- _Aim of the exercise_
Leave out the pictures, and print exactly the lines from the one holding "16Oz Pint Glass With Straw & Bamboo Lid" through the last line of the material.

---

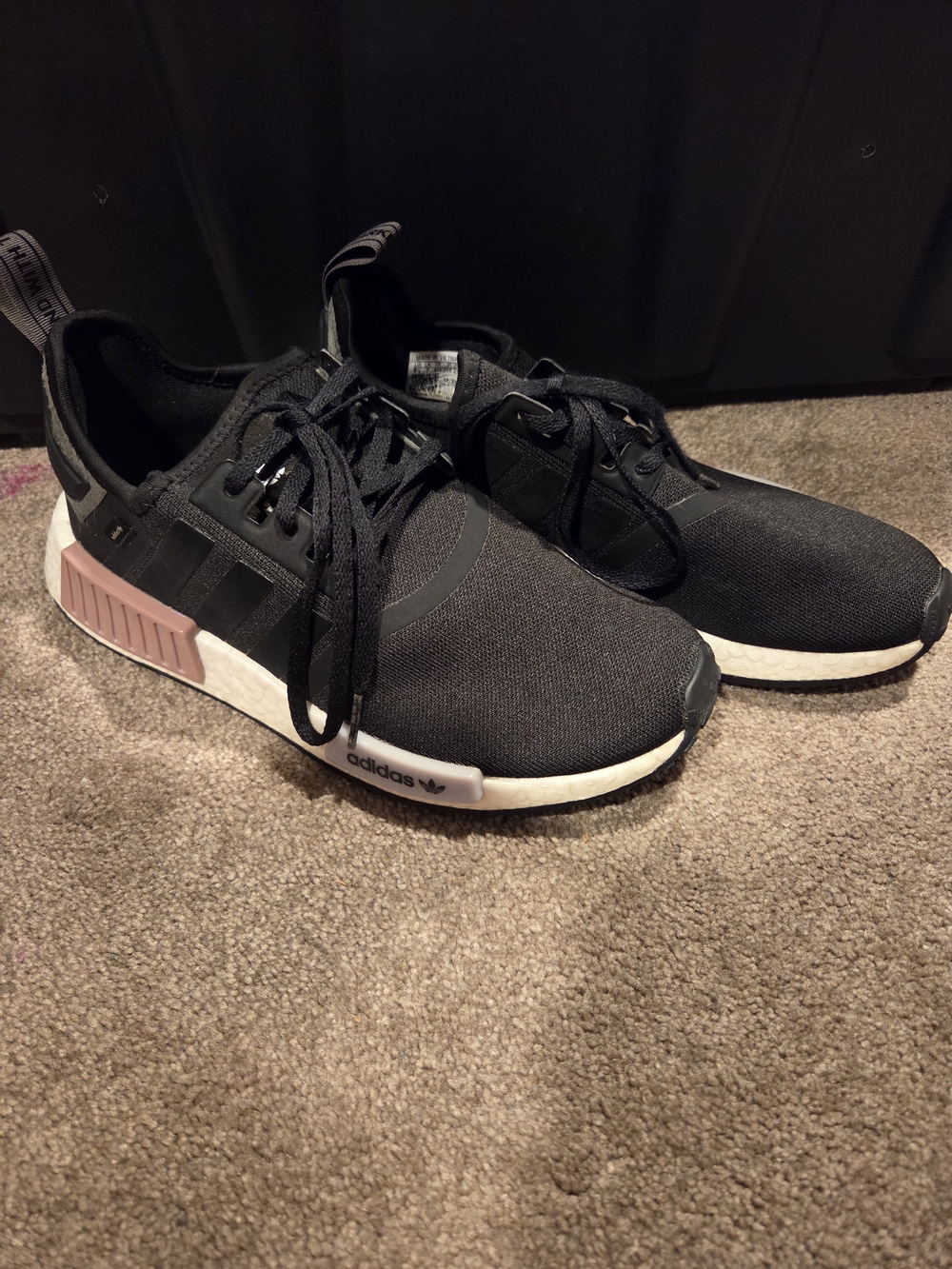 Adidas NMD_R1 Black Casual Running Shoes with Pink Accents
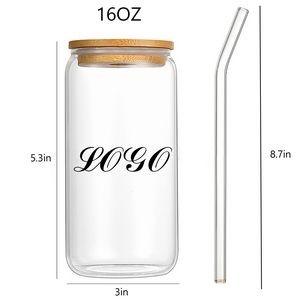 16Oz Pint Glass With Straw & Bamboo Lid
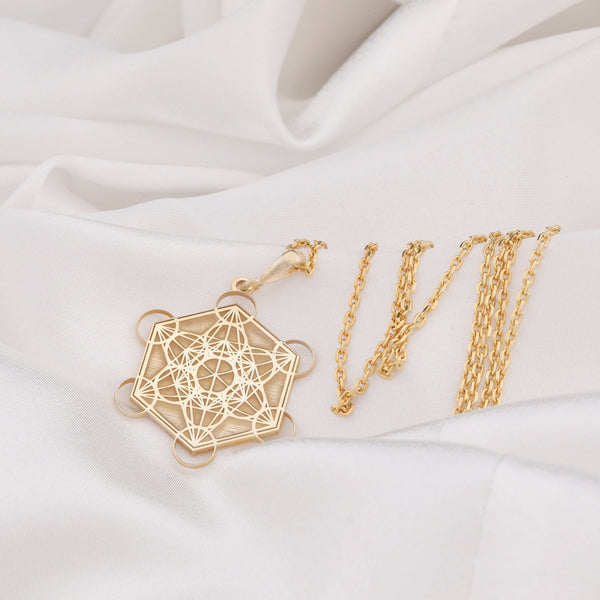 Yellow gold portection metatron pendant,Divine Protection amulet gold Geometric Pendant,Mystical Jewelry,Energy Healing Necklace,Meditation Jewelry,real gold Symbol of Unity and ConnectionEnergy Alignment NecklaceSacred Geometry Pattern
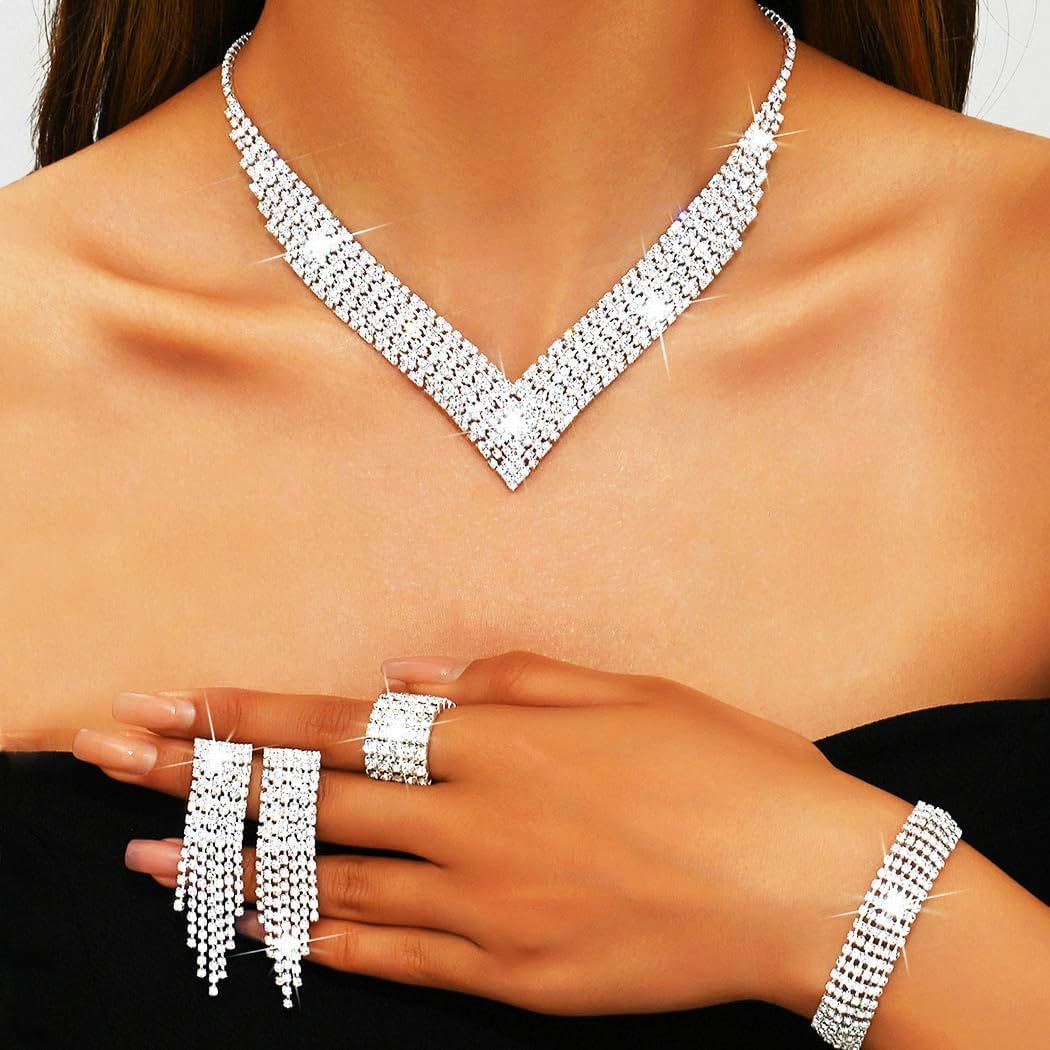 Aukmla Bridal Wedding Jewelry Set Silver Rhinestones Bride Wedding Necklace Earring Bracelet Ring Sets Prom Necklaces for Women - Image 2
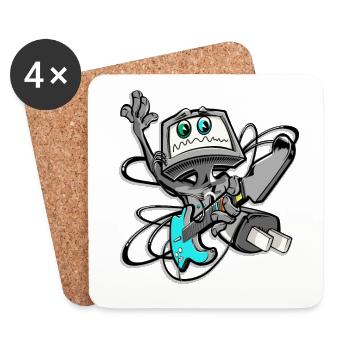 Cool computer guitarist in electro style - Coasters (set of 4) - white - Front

---

- _Solution to the exercise_
 16Oz Pint Glass With Straw & Bamboo Lid
 Yellow gold portection metatron pendant,Divine Protection amulet gold Geometric Pendant,Mystical Jewelry,Energy Healing Necklace,Meditation Jewelry,real gold Symbol of Unity and ConnectionEnergy Alignment NecklaceSacred Geometry Pattern
 Aukmla Bridal Wedding Jewelry Set Silver Rhinestones Bride Wedding Necklace Earring Bracelet Ring Sets Prom Necklaces for Women - Image 2
 Cool computer guitarist in electro style - Coasters (set of 4) - white - Front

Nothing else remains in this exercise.